Mais derrière sa fascination, ce poète de la science-fiction comme il aime se présenter, pointe du doigt un « choc culturel massif ». Il décrit ainsi « un sentiment de séparation, notamment lié aux grandes distances, le faible nombre de personnes dans la rue, le manque de lieux publics, d’urbanisme, de séduction, de vie de manière générale ». Il dénonce aussi « la lutte des classes au pied des bureaux » et les inégalités entre ceux qui vivent dehors et ceux qui cumulent les richesses. Et de conclure : « ma plus grande découverte, c’est peut-être d’avoir compris qu’ici, la libération individuelle prime sur l’égalité. Il existe une hiérarchie implicite liée à la religion et dans laquelle le mâle blanc domine ».
Selon l’écrivain qui aime allier « l’aspect intuitif des mots » et les réflexions à tendance philosophique, « la distance sociale est ici conjurée par le numérique ». D’après lui, la vie publique est en effet suffisamment pauvre pour que le Métaverse offre une alternative. « Le Métaverse permet de subvertir les cadres humains. On peut être à plusieurs endroits à la fois, vivre plusieurs vies, faire du bowling sans le poids des boules ou du sport sans l’odeur de transpiration des autres… » détaille-il avant d’ajouter : « on va vers la dématérialisation ».

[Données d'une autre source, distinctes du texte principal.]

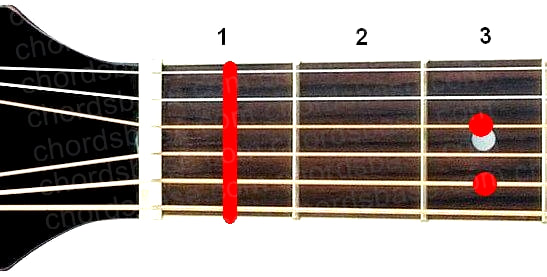 F7sus4 guitar chord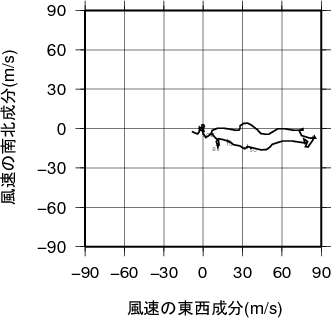 ホドグラフ画像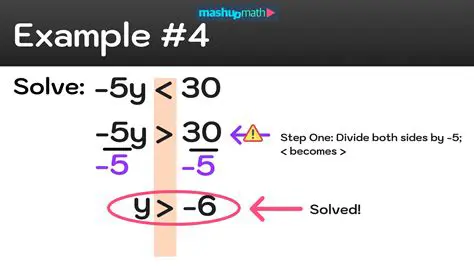 Multiplying Both Sides by k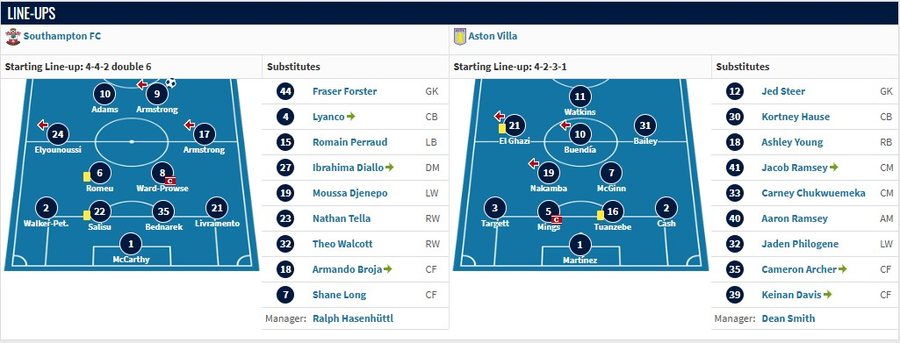 VIDEO/ Ka luajtur kund&euml;r Armando Broj&euml;s n&euml; Premier League,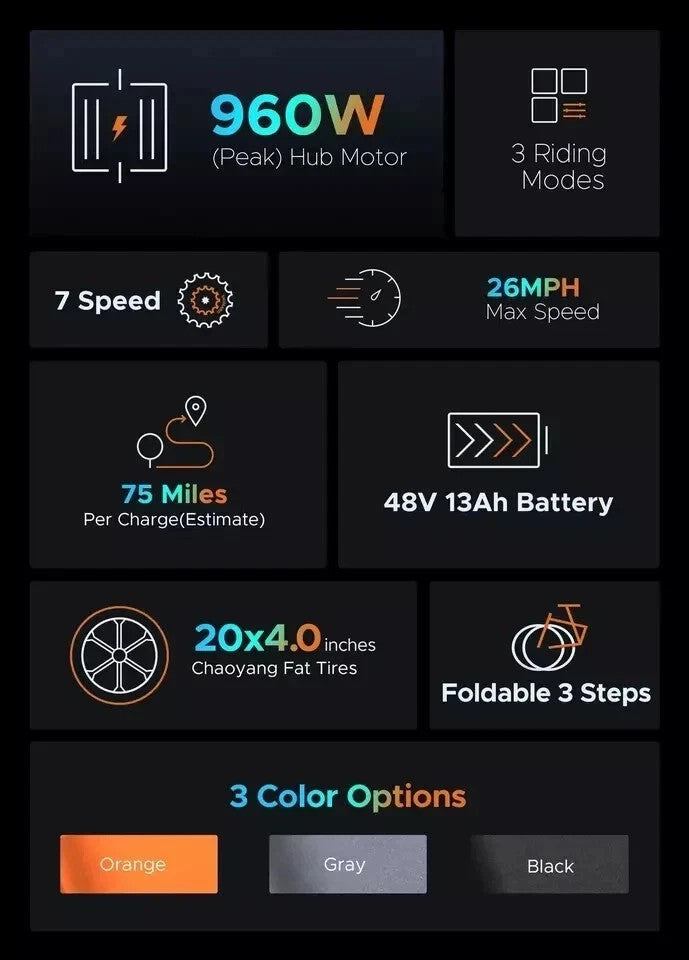 ENGWE EP-2 Pro Boost Folding Bike 120 km Range
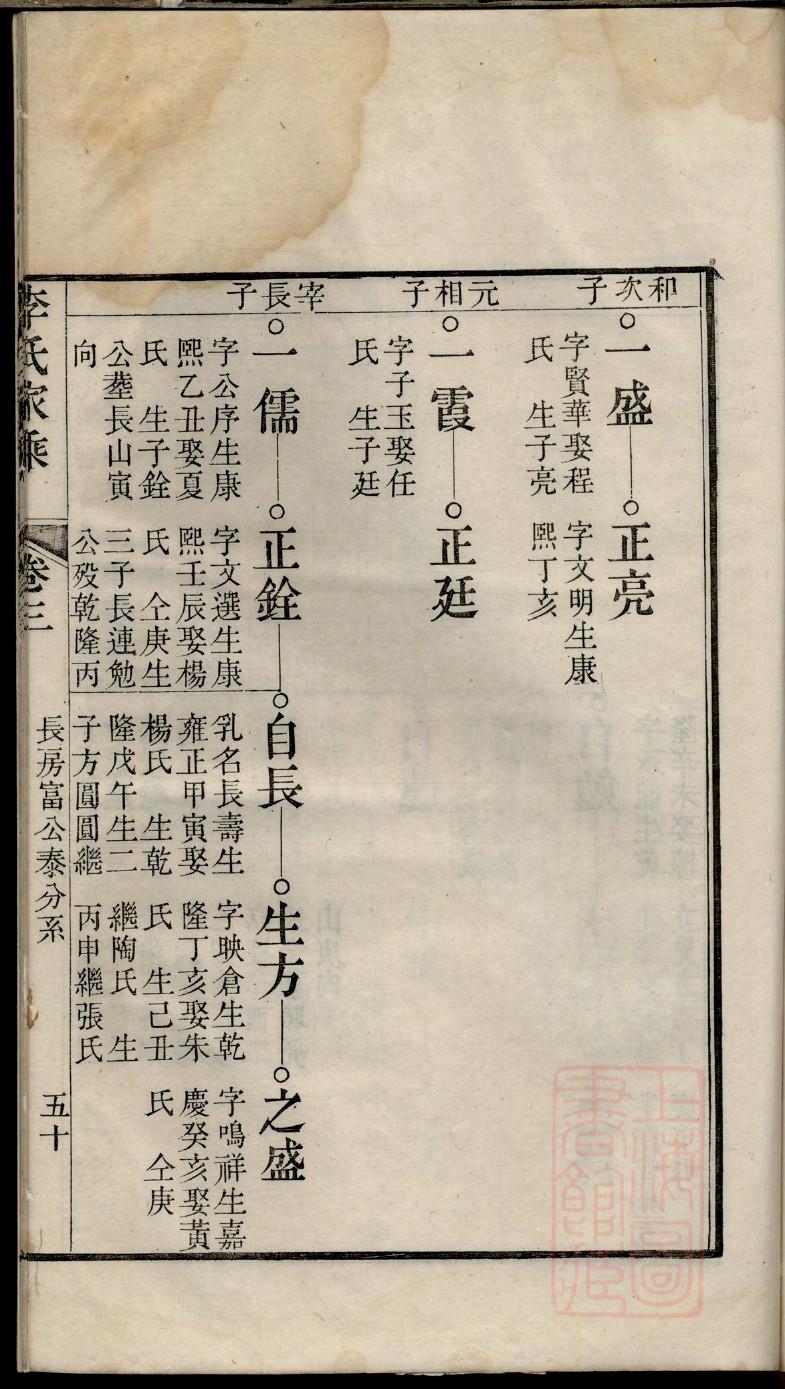 于氏族谱完整版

Il souligne par la même occasion combien « la Silicon Valley ne sait pas quoi faire du corps ». Une question qui l’intéresse particulièrement et qui sera au cœur des travaux inspirés par sa résidence. « Je m’interroge sur comment donner le goût des rencontres, des autres, de la nature. Sans que ce soit un simple décors…»
Alain Damasio – © Cyrille Choupas (Comme la photo de Une)
De sa résidence, Alain Damasio a déjà écrit plusieurs textes. Sur la place de la voiture dans la Silicon Valley ou sur le quartier du Tenderloin à SF par exemple. Une série radiophonique réalisée durant son séjour reviendra en outre sur son expérience. Autant de créations prochainement disponibles sur le site de la Villa Albertine San Francisco.
L’écrivain a par ailleurs rencontré des éditeurs américains. Car malgré son succès en Europe, ses livres ne sont pas publiés ici : « Aux US, je ne suis rien, c’est une cure de modestie profonde ! Et un challenge d’être traduit… ». Il a continué en parallèle à travailler sur l’adaptation audiovisuelle de son roman La Horde du Contrevent et sur une série télévisée autour de migrants temporels.
L’artiste, qui s’est illustré ces dernières années sur scène lors de performances musicales ou dans la création d’univers de jeux vidéos, collabore également à un jeu de cartes NFT (Cross the Ages), une activité dans laquelle il avoue « s’éclater ». Sa résidence à San Francisco a donc créée des traits d’union entre toutes ces activités et lui aura permis d’étoffer son univers. Un voyage en terre américaine qui lui inspirera sûrement les maux de son prochain roman.